There are a host of new terms associated with cloud computing—intermediation, aggregation, brokerage, service arbitrator. Do they have corollaries in traditional outsourcing?

It would be hard to come up with one-to-one specific terms for each of these. But there are elements of service integration, service aggregation and service management in almost all major outsourcing contracts today. The multi-sourced world has been around for a while, and while cloud is just an extension of this, it does create an environment where a client who was once using its own data center is now using multiple data centers—meaning that security and governance will become even more important. The new terminology won’t necessarily match that of traditional outsourcing.

You advise working with vendors committed to developing interoperable solutions and who have the scale and resources to be around beyond tomorrow. Can you share some examples of this type of vendor? And might traditional outsourcing customers miss out on the next up-and-coming cloud leader if they focus on the outsourcing stalwarts?

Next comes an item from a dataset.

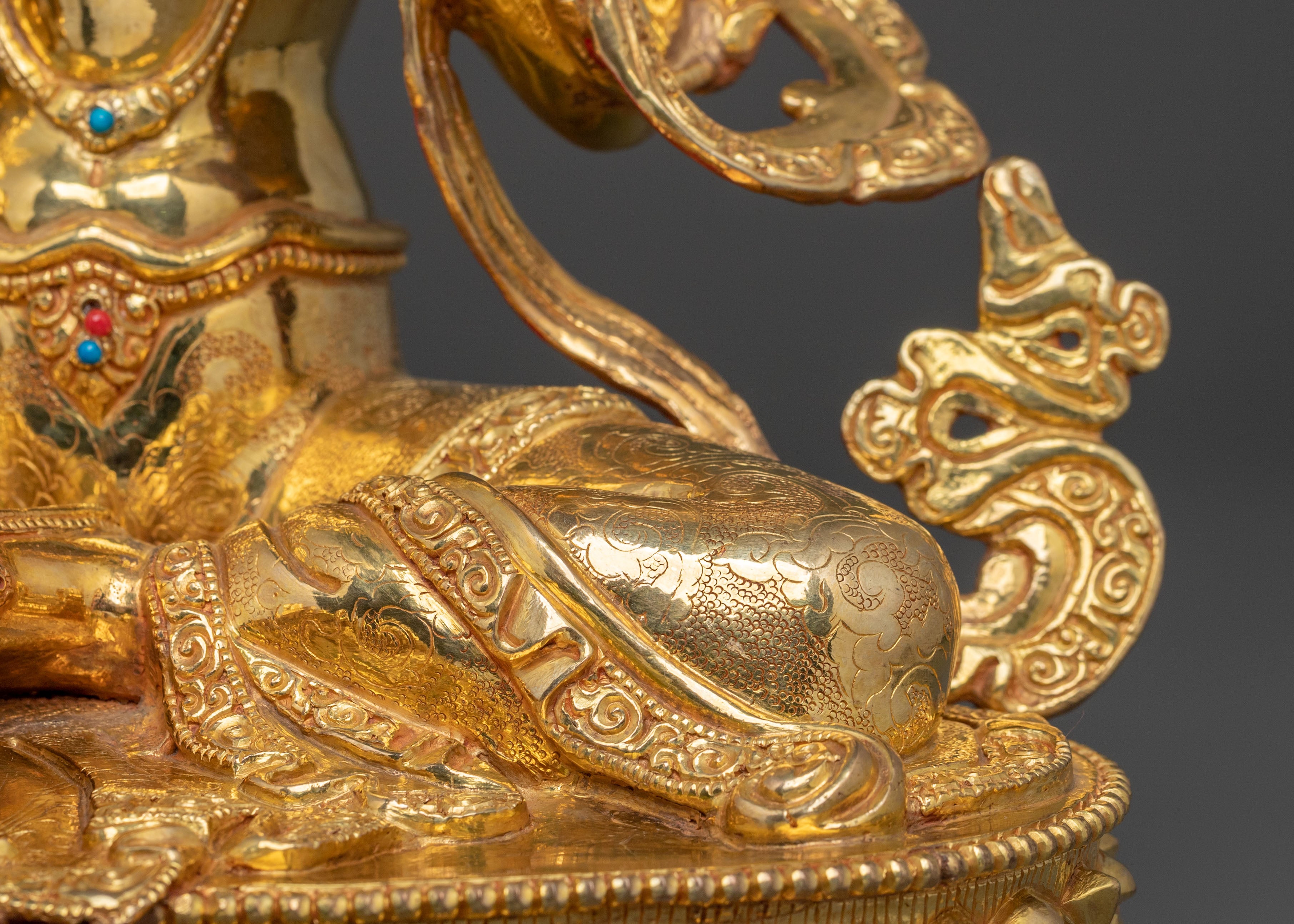 Green Tara Handcrafted Traditional Statue | Buddhist Decor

This is a nascent market. There is a mix of traditional companies, and those that are transitioning into this environment, such as Amazon and Google (GOOG). There is also a significant amount of venture capital money being invested in cloud, and new start ups will continue to emerge.

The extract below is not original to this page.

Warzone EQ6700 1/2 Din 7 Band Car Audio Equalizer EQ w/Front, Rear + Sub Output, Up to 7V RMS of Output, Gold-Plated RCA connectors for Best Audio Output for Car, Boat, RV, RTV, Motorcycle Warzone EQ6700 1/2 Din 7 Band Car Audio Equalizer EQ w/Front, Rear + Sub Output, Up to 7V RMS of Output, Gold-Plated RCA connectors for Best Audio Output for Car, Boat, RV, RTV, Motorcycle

Many up-and-coming vendors are high risk, high reward. It’s important to be thoughtful when considering which business services or applications to give them. In most cases, it would be prudent to start with simple, non-critical applications, or to wait until they’ve proven their ability to deliver services to many other customers at scale.

Picking the winners will be hard. It’s a combination of having the right vision coupled with the capability to deliver. Ask both of those questions all the time.

You argue cloud services will enable IT to become a better partner to the business. That sounds like the argument we’ve heard about traditional outsourcing—farm out the commodity services to a third party so IT can focus on strategy. Yet IT organizations have had varying levels of success with this. How do customers ensure this happens as they adopt more cloud-based services?

We often say that IT projects aren’t about technology; they’re business projects that are enabled by IT. Of course, that’s not always the case. The promise of the cloud is that it can allow the IT department to focus more on the architecture, strategy, and adoption of tools and business benefits rather than focusing on the design and build of an application. It provides the opportunity for the IT department to focus on delivering business value.

IT organizations need to take a clear assessment of what skills they have, what skills they need, and the competency of their people. To ask someone who has been building applications for fifteen years to do strategy work is not a recipe for success. So if an IT group intends to repurpose some of its people, they need to receive the appropriate training and gain relevant experience.